= What you will do =
No pictures belong in the copy. Retype exactly, and only, the stretch of lines below from the one with "Commercial property 100" through the one with "Close-up of hand holding red fruit".

= Record extracts =
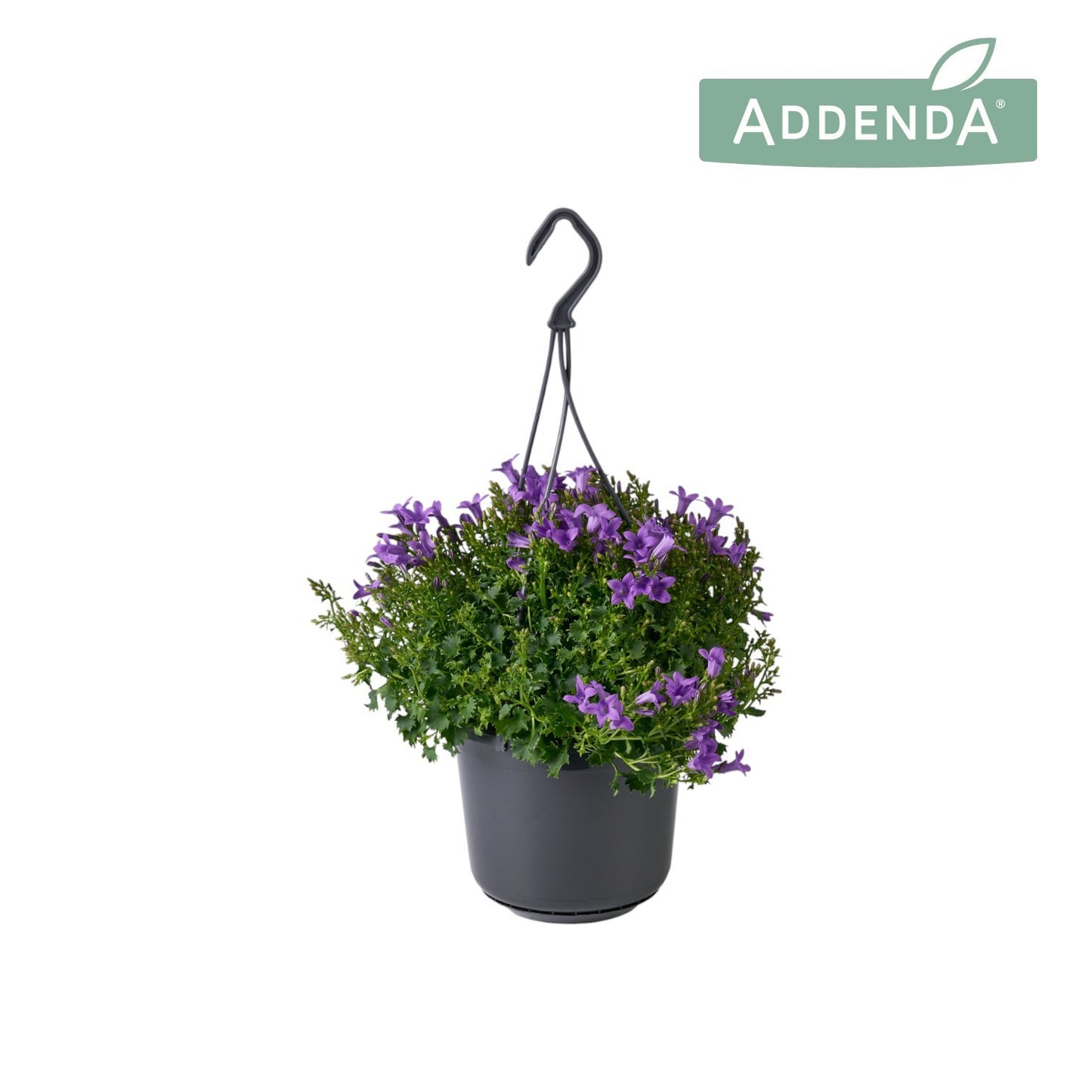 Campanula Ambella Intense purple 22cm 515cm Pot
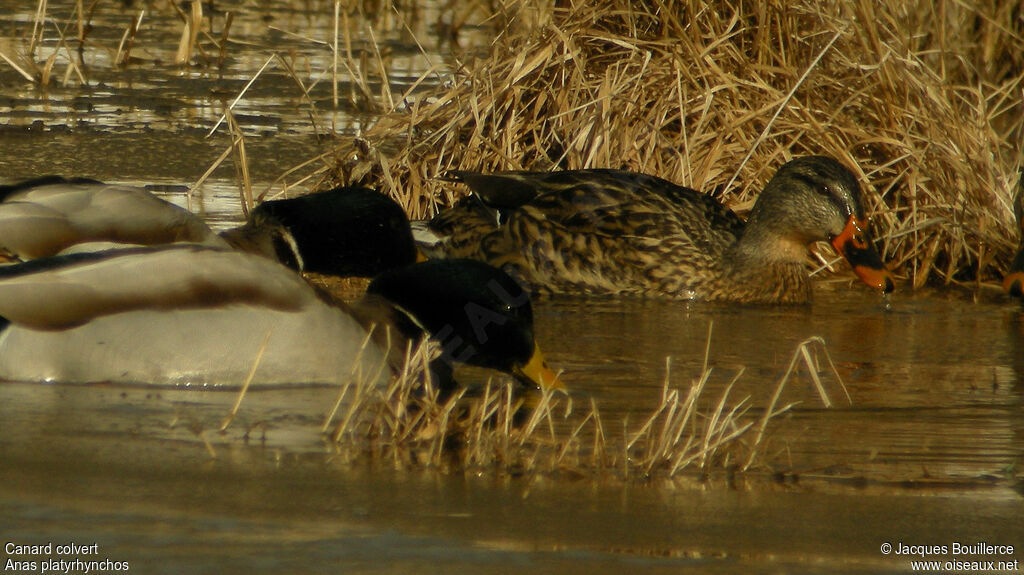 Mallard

==

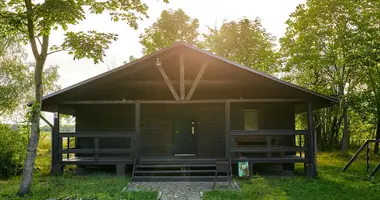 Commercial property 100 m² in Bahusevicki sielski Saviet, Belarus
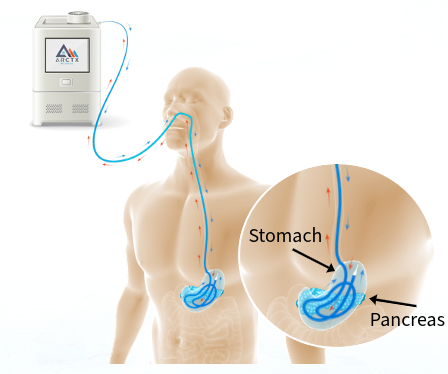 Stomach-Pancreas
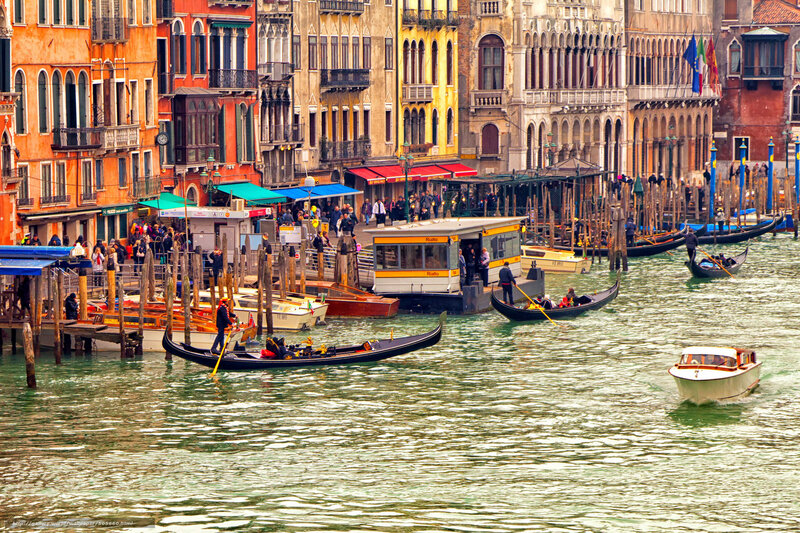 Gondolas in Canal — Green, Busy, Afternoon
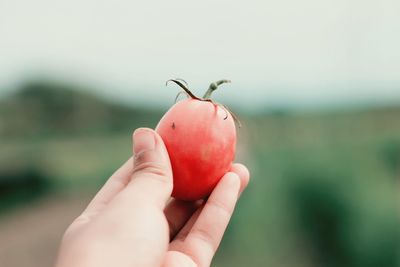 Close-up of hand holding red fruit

---

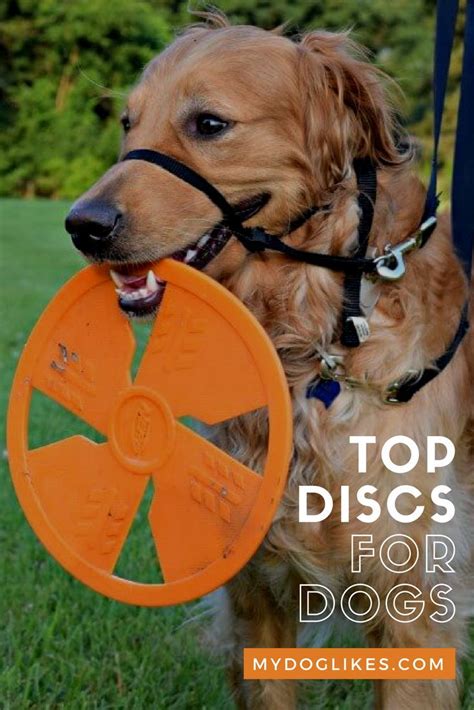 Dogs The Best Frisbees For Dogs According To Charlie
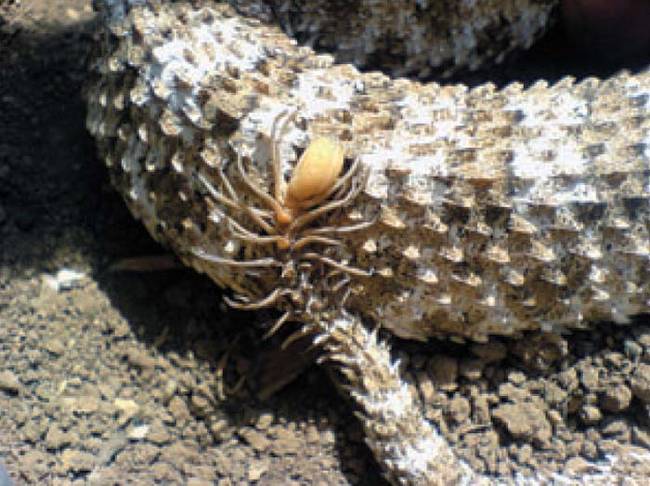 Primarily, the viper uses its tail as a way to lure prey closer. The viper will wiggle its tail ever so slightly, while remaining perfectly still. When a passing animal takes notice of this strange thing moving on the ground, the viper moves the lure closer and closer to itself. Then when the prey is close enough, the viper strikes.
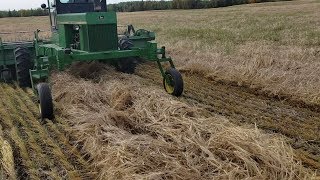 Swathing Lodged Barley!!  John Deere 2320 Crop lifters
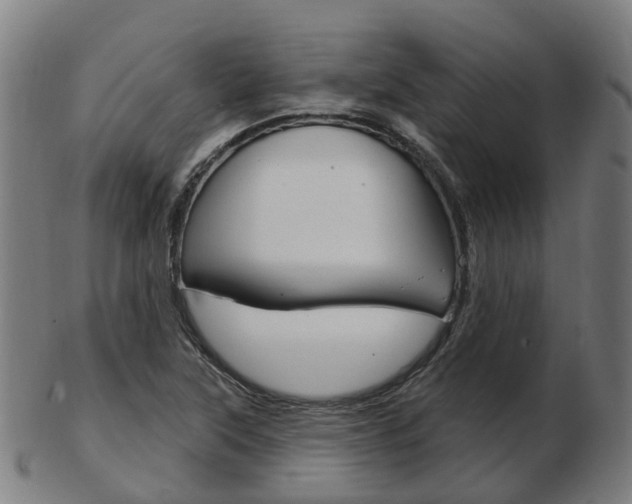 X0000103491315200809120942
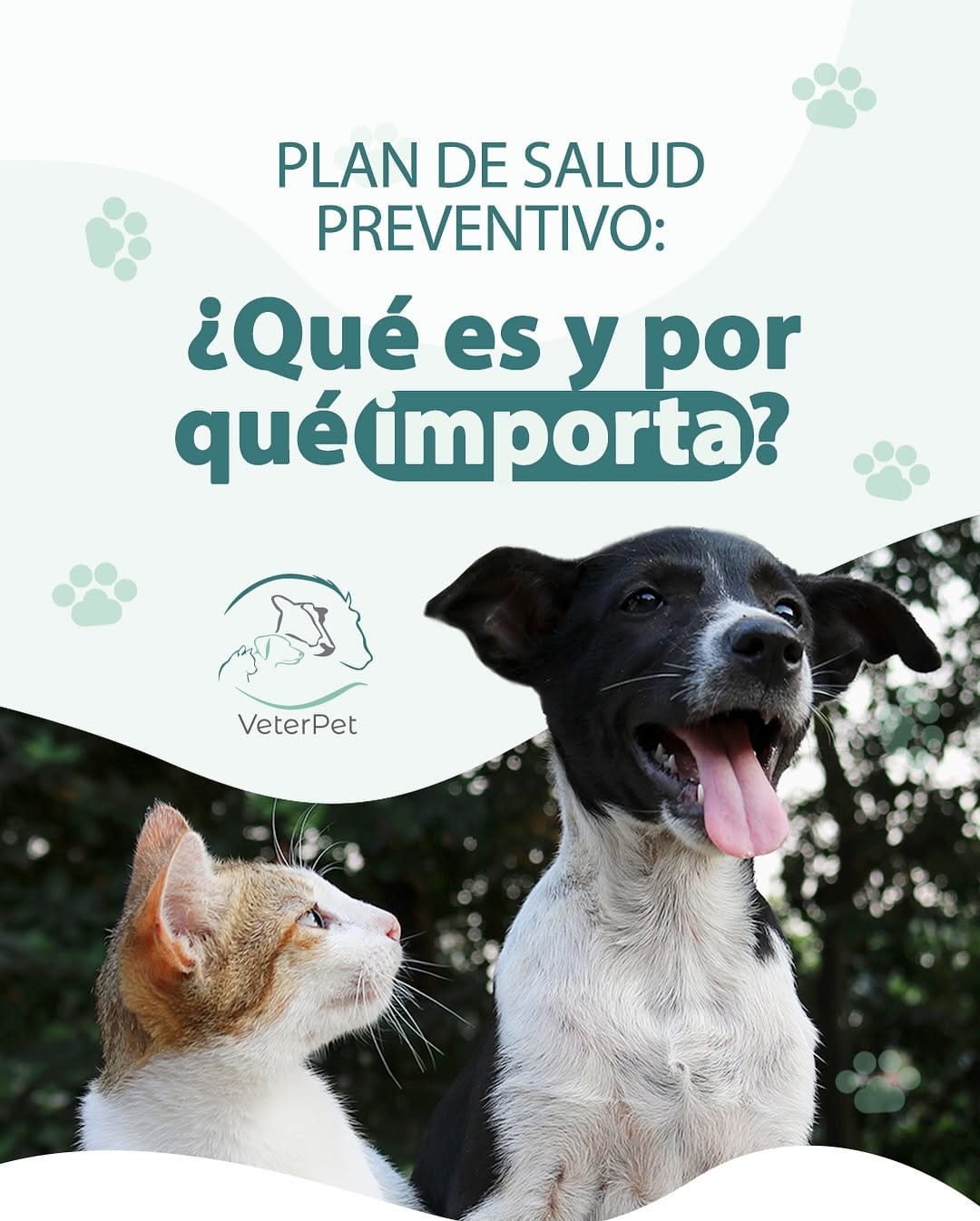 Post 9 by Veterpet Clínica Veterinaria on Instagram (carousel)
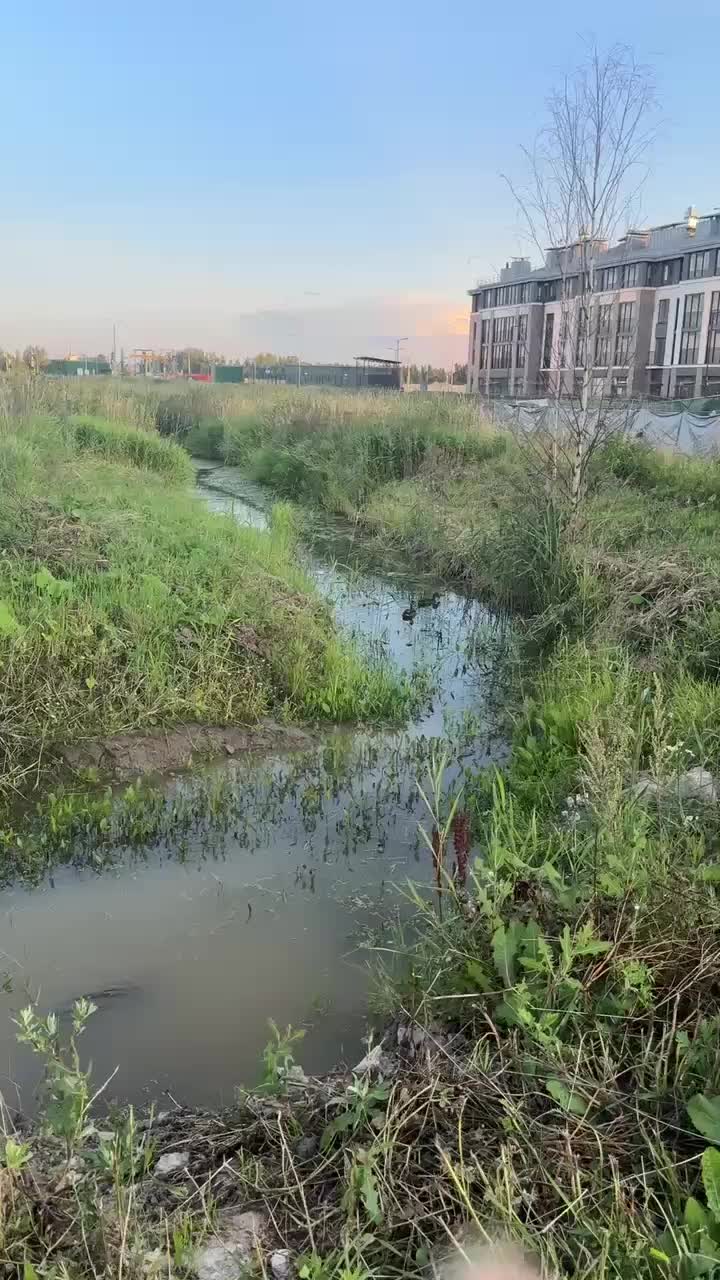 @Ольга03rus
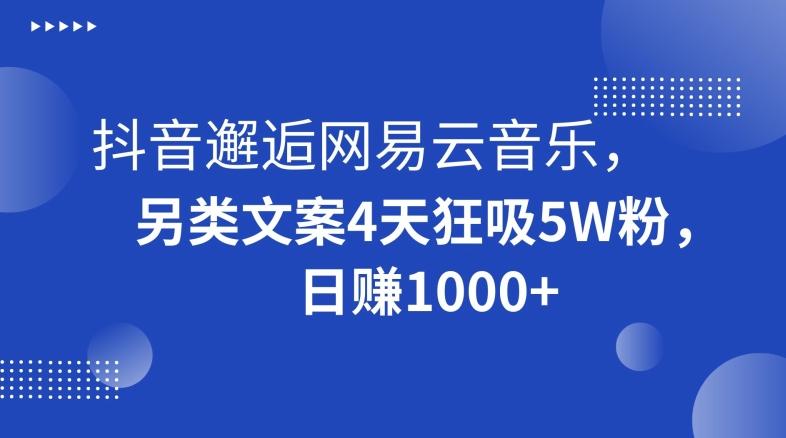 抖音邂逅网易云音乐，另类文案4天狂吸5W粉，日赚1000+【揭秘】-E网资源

= Task result =
 Commercial property 100 m² in Bahusevicki sielski Saviet, Belarus
 Stomach-Pancreas
 Gondolas in Canal — Green, Busy, Afternoon
 Close-up of hand holding red fruit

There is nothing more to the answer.